Alkenylsilanes represent promising comonomers for the synthesis of functional polyolefins through direct catalytic copolymerization, preventing catalyst deactivation due to the weak interaction between the silicon atom and the metal center. However, their potential has been largely overlooked due to their tendency to undergo β-elimination, which leads to the formation of low-molecular-weight polymers with compromised material properties. We show that isotactic polypropylene-based copolymers with incorporated silane groups can be obtained by stereoselective Hf-catalysed copolymerization of propylene and allyltrimethylsilane (ATMS). These materials possess a random microstructure with ATMS contents ranging from 5.5 to 35.0 mol%. Contrary to the previously reported copolymerization of ATMS with α-olefins using metallocene catalysts, no involvement of ATMS in enhanced chain transfer rates could be detected and samples with high molecular weights were obtained (Mn > 600 kg/mol).

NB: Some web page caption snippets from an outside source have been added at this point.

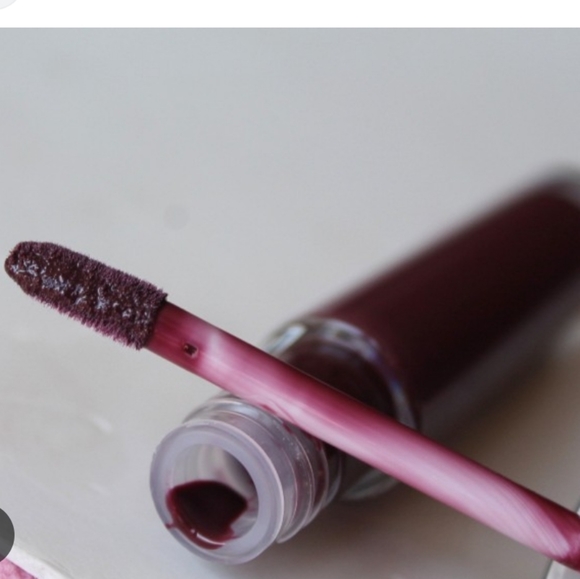 DOMINATRIX Lorac DISCONTINUED Alter Ego Lip Gloss NWOBOX - Picture 5 of 6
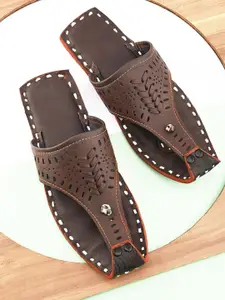 Apratim Men Ethnic Laser Cuts Mojaris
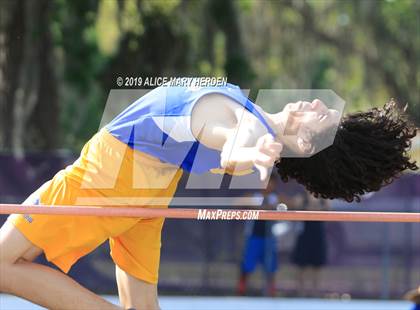 Thumbnail 2 in Hernando Kiwanis Track and Field Invitational photogallery.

The incorporation of bulky ATMS comonomer units leads to a significant reduction in the crystallinity of the copolymers compared to the iPP homopolymer, resulting in a markedly different mechanical response, characterized by enhanced flexibility and ductility compared to the brittle iPP. The possibility to tune the crystallinity, combined with the presence of functional comonomeric units, allows to obtain copolymers with a broad spectrum of properties, with glass transition temperatures ranging from subambient values to Tgs approaching room temperature. Notably, at high ATMS contents, the copolymers exhibit exceptional elastic properties, which have been rationalized on the basis of the structural transformations occurring during deformation that involve the formation of a novel mesomorphic phase of iPP, which has not been previously reported in the literature.